* AVAILABLE DATA:
########################################
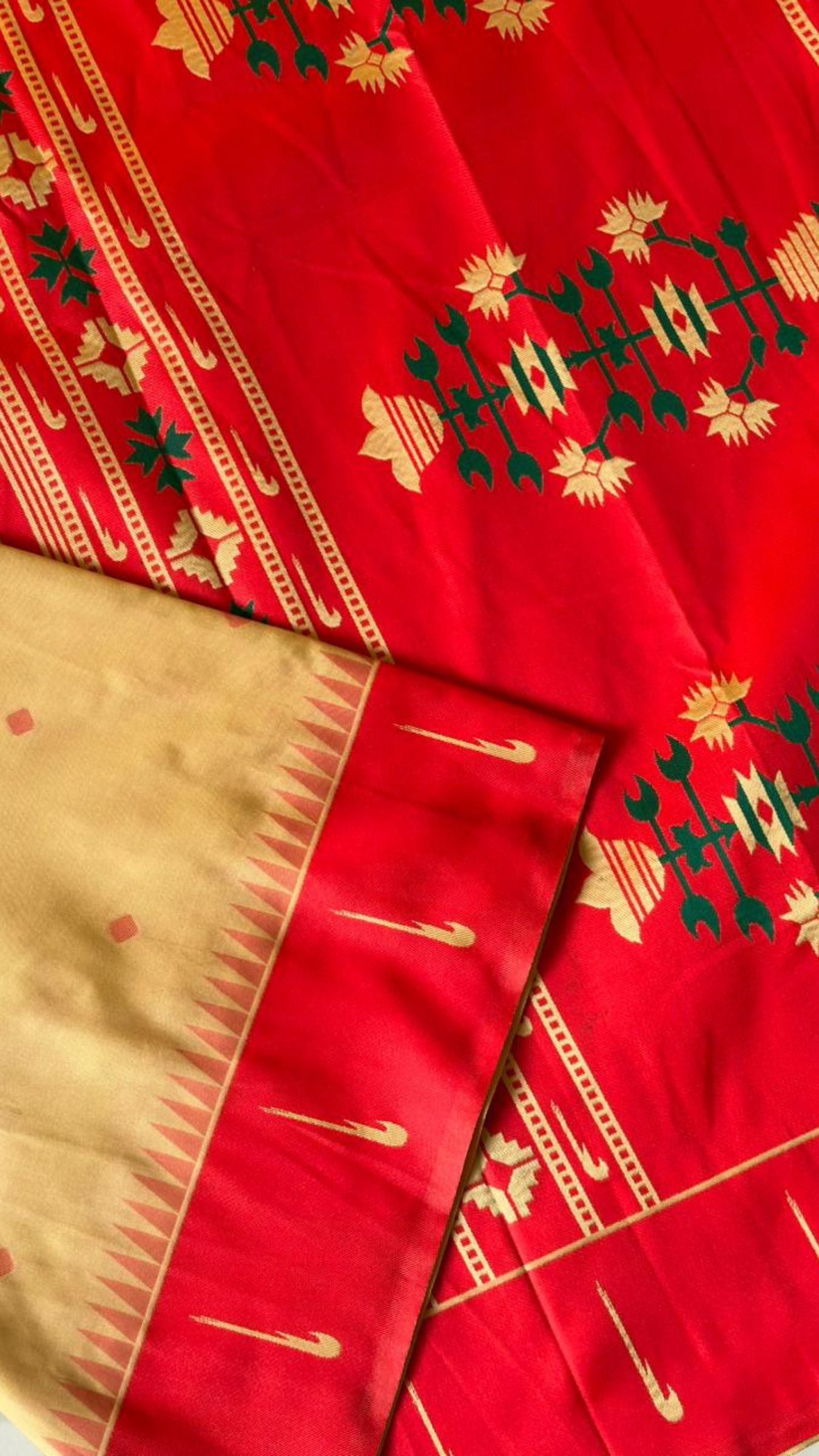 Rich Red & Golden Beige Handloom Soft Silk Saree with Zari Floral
########################################
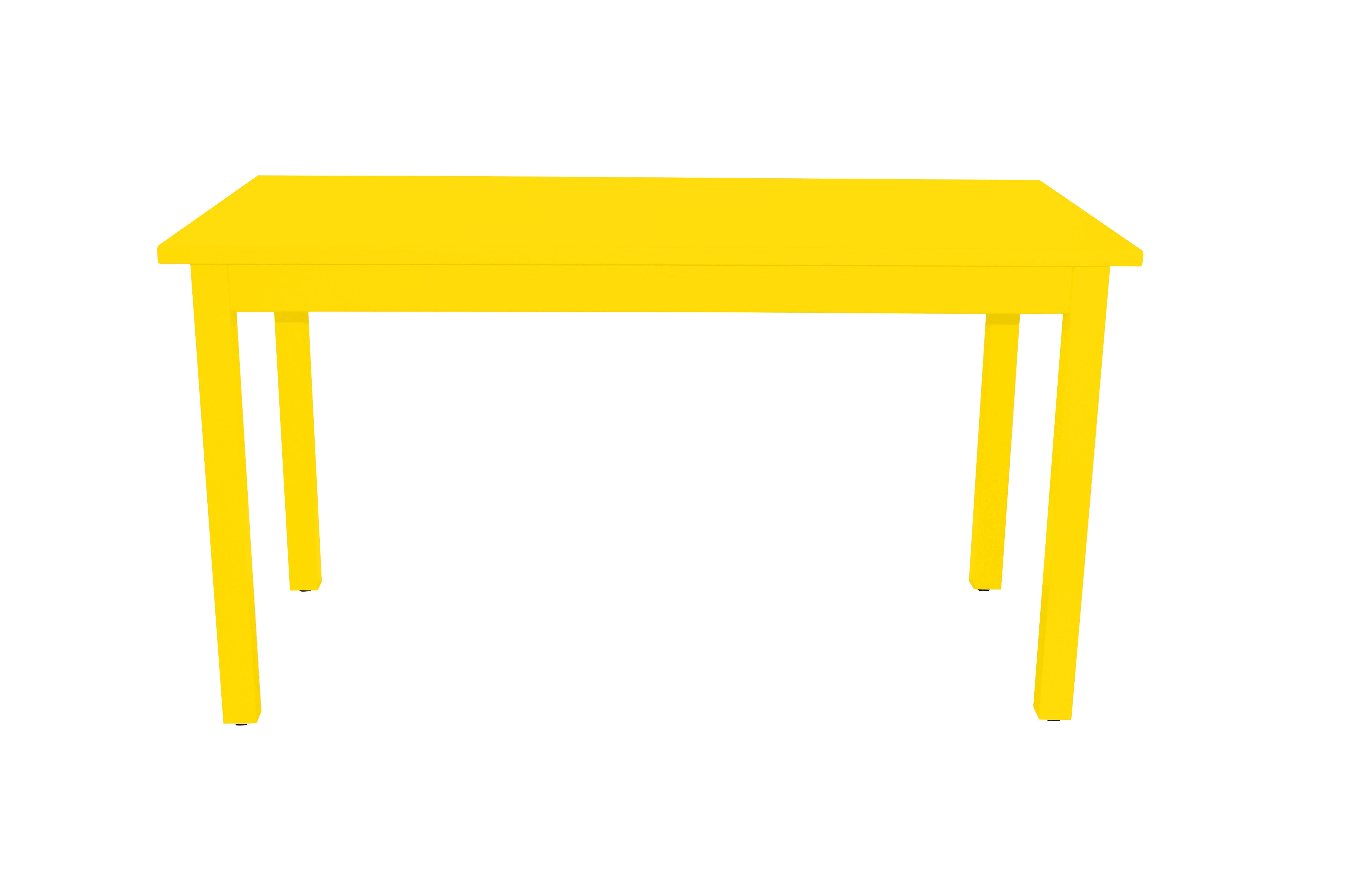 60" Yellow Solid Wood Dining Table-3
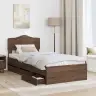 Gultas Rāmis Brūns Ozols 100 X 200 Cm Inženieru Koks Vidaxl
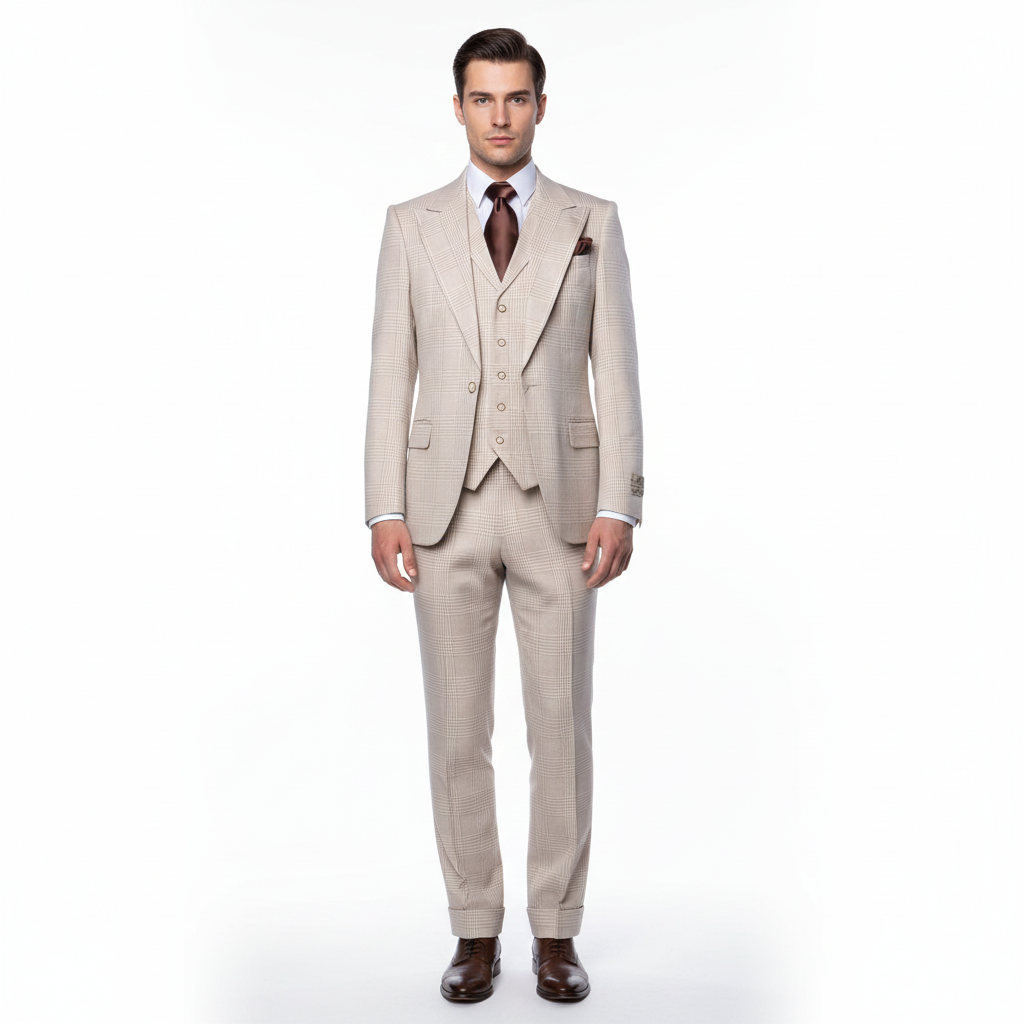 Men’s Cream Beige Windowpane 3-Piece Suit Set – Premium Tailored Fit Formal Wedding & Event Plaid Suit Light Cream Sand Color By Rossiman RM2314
########################################
* WHAT YOU ARE ASKED TO DO:
Within the material above, find the part that opens with the line containing "Gultas Rāmis Brūns" and closes with the line containing "Men’s Cream Beige", and reproduce it exactly without the pictures.

* ANSWER BOX:
 Gultas Rāmis Brūns Ozols 100 X 200 Cm Inženieru Koks Vidaxl
 Men’s Cream Beige Windowpane 3-Piece Suit Set – Premium Tailored Fit Formal Wedding & Event Plaid Suit Light Cream Sand Color By Rossiman RM2314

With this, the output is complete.